Let's predict for several different patient profiles to see how the model performs.


In [None]:
#I'll try to predict for multiple patients

#start by building a multi-patient prediction dataframe with various survey results
multiple_patients_df = pd.DataFrame({
    'cleanliness': [9, 5, 7, 10, 3],
    'communication': [9, 4, 8, 9, 4],
    'staff_friendliness': [10, 6, 7, 10, 5],
    'timeliness': [8, 5, 6, 9, 2],
    'discharge_clarity': [9, 5, 8, 10, 4]
})

#transform and predict on those survey results
multiple_patients_scaled = scaler.transform(multiple_patients_df)
multiple_predictions = model.predict(multiple_patients_scaled)
multiple_probabilities = model.predict_proba(multiple_patients_scaled)[:, 1]

#build the results dataframe
results_df = multiple_patients_df.copy()
results_df['Predicted_LTR'] = ['Yes' if p == 1 else 'No' for p in multiple_predictions]
results_df['Probability'] = [f"{p:.1%}" for p in multiple_probabilities]

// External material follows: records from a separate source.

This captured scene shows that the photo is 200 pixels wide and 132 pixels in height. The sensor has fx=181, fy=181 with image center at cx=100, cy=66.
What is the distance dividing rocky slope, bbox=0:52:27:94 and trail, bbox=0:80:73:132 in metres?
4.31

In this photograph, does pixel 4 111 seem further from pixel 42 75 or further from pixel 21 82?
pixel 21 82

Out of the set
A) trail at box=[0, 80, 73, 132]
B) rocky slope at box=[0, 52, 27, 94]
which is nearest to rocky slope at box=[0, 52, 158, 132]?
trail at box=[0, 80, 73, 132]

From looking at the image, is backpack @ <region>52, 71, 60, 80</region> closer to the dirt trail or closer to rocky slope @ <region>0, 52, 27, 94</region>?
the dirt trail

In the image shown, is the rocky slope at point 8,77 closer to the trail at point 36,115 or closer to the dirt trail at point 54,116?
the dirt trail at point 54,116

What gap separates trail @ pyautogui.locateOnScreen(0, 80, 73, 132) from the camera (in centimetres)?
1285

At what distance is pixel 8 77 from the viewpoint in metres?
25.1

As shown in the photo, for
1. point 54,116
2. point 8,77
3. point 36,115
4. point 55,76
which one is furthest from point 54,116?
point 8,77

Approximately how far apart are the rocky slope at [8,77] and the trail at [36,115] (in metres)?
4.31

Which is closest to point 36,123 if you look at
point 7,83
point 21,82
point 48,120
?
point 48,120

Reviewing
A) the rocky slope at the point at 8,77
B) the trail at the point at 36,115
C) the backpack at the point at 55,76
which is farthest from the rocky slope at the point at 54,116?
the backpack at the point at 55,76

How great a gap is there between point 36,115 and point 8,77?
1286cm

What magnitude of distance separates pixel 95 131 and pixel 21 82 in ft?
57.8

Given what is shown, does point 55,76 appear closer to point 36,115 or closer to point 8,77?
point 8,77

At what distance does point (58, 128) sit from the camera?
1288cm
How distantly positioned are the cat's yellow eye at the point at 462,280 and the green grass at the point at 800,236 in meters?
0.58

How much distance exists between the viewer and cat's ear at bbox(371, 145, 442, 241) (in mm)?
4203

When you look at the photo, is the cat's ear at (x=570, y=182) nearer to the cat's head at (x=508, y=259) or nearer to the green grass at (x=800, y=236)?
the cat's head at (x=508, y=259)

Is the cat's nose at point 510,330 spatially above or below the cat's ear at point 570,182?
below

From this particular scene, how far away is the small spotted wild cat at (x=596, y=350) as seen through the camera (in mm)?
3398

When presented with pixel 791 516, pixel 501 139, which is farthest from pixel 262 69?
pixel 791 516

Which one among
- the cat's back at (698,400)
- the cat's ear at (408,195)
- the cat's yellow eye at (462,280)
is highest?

#show the recommendation prediction based on the survey results provided
st.write("### Batch Predictions for Multiple Patients")
st.dataframe(results_df)

In [None]:
#build our confidence plot
fig, ax = plt.subplots(figsize=(10, 6))

colors = ['green' if p == 1 else 'red' for p in multiple_predictions]
bars = ax.bar(range(len(multiple_probabilities)), multiple_probabilities, color=colors, alpha=0.6)

ax.axhline(y=0.5, color='black', linestyle='--', label='Decision Threshold (0.5)')
ax.set_xlabel('Patient ID')
ax.set_ylabel('Predicted Probability of LTR = Yes')
ax.set_title('Prediction Confidence for Multiple Patients')
ax.set_ylim(0, 1)
ax.legend()

#plot my predictions
for i, (prob, pred) in enumerate(zip(multiple_probabilities, multiple_predictions)):
    ax.text(i, prob + 0.02, f"{prob:.2f}", ha='center', fontsize=9)

#show the plot
st.pyplot(fig)


## Key Takeaways for Hospital Leadership

### Answering "Would This Patient Recommend Us?"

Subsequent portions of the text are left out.